Deutschland 1921/1922 Spielfilm

Der brennende Acker


J–s., Film-Kurier, Nr.55, 9.3.1922


(... Die) Geschichte, die Willy Haas, Thea von Harbou und Arthur Rosen zu Verfassern hat, füllt gutgeschlossene sechs Akte, und sie komprimiert das an sich schlichte Geschehen zu einer solchen widerspruchslosen Schärfe, die Knoten ziehen sich so berechnet zu gleicher Zeit zusammen, daß die Fehlspekulationen des Manuskriptes dahinter verschwinden. Diese Fehler liegen in der praktischen Unmöglichkeit der Geschehnisse einerseits – man kann nicht ganz allein und ohne jedes Mitwissen der Landschaft und der Ehefrau Petroleum erbohren –, und in gewissen Charakterzügen der handelnden nichtbäuerlichen Personen andererseits. Es ist u.a. nicht zu begreifen, ob der Ehrgeizige, der sich zur Brutalität gegenüber Gerda steigert, nicht eine plausible Verständigung mit Helga gefunden hätte: das Aneinandervorbeirasen im Bilde ist seine psychologische Begründung für eine Haltung, die die Kundgebung eines Charakters, sein elementarster Ausfluß sein und entscheidend für den ganzen Konflikt werden soll.

Das jedoch sind Einwände für die Produktion; das Publikum selbst wird durch diese geringfügigen Beeinträchtigungen der inneren Notwendigkeiten nicht berührt, weil – wie gesagt – die Schärfe der Ereignisse widerspruchslos mit fortreißt. F. W. Murnau hat eine sympathische Regie geführt, er gibt im ersten Akt einen famosen Bildschnitt, der durch eine fast kontinuierlich wirkende Bildfolge in die thematische Komplikation hineinführt und sehr geschmackvoll jede banale Kontrastierung des bäuerlichen und des aristokratischen Milieus vermeidet. Die im Bilde einmal begonnen Bewegungen werden in den Großaufnahmen sehr sorgfältig weiter fortgeführt, so daß auch die Großbilder trotz ihrer Häufigkeit nicht stören. Die Blenden sind vor allem im Tempo gut angewendet, auch die Ausweitung der exzentrisch angebrachten Iris über das ganze Bildfeld und die konvexe Vorhangblende bringen eine hübsche technische Abwechslung. Nur selten wird allzu fühlbar vor dem Apparat gespielt, und nur einmal – vor dem Titel "Das wäre ein Ziel" – ist die Bildbindung unterlassen: das bebaute Fabrikgelände hätte überblendet werden sollen, anstatt ganz abrupt zu kommen. Die Bildtitel selbst sind ganz vorzüglich; hier hat eine literarische Hand des Amtes gewaltet.

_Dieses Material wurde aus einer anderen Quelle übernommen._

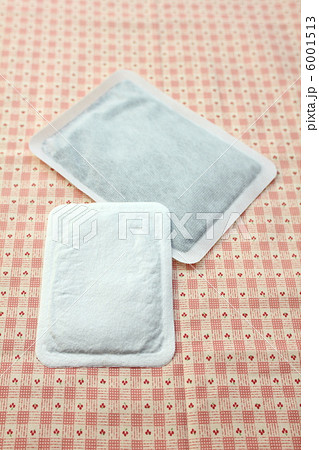 あたたかい使いすてカイロ 6001513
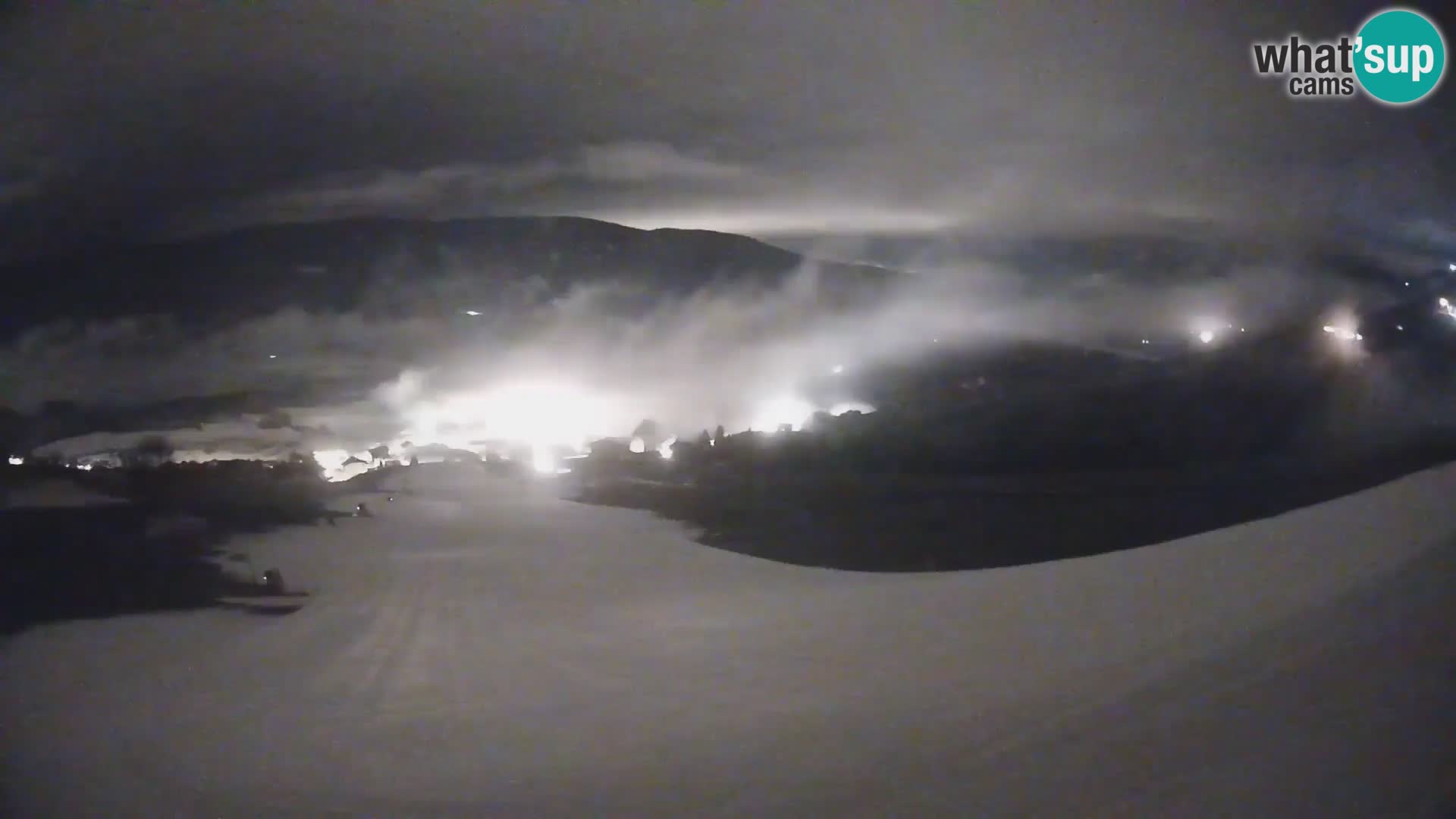 Webcam Terenten (1210m) – Vista en vivo del Valle de Pusteria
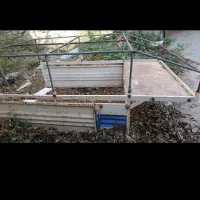 باربند وانت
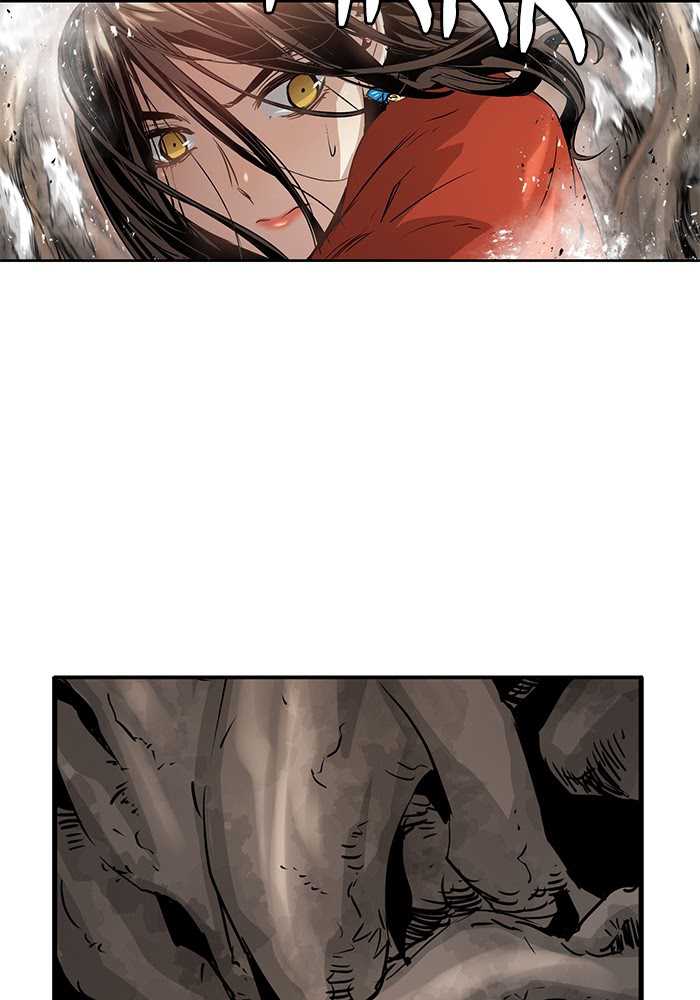 Promised Orchid chapter 65 halaman 87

Die Darstellung ist samt und sonders zu loben: Eugen Klöpfer ist als Peter Rog ein Prachtmensch von einem Bauer, schlechterdings nicht zu übertreffen in seiner knorrigen Weichheit. Dieser Mensch ist wunderschön. Wladimir Gaidarow ist der ehrgeizige Johannes, krankhaft in seiner Überspannung, nervenbewegt und fesselnd schon im Gehaben. Dann etwas zusammenfassend Werner Krauß, Eduard von Winterstein, Alfred Abel – sämtlich blutvoll und lebendig, fest umrissen im Charakteristischen, sehr sorgfältig im bildhaften Ausdruck. Stella Arbenina als Helga: sehr schön, sehr gut. Sie läßt bei unbewegtem Gesicht das Innere erraten, was nur wenigen Darstellern gegeben ist, und sie krampft sich leidend und vernichtend zusammen, im Kampf mit der Stieftochter geradezu erschütternd. Hier hat auch Lya de Putti als Gerda ihre stärksten Momente, in denen sie aus dem Figürchen ins Menschliche hinaustritt. Und ebenbürtig ist der Rest der Darsteller ...

Die Bauten von Rochus Gliese wirken nicht nur, nein, sie sind echt. Ein lautes Bravo! Und die Photograpie von Karl Freund und Frikarno Wagner bedarf keiner Anerkennung. Hier schweben Naturstimmungen im Bilde fort, und die Festhaltung der zarten Schneelandschaften unter hellem Himmel und mit leuchtend weißen Gesichtern der Darsteller ist echtes Können! Weiter auf diesem Wege!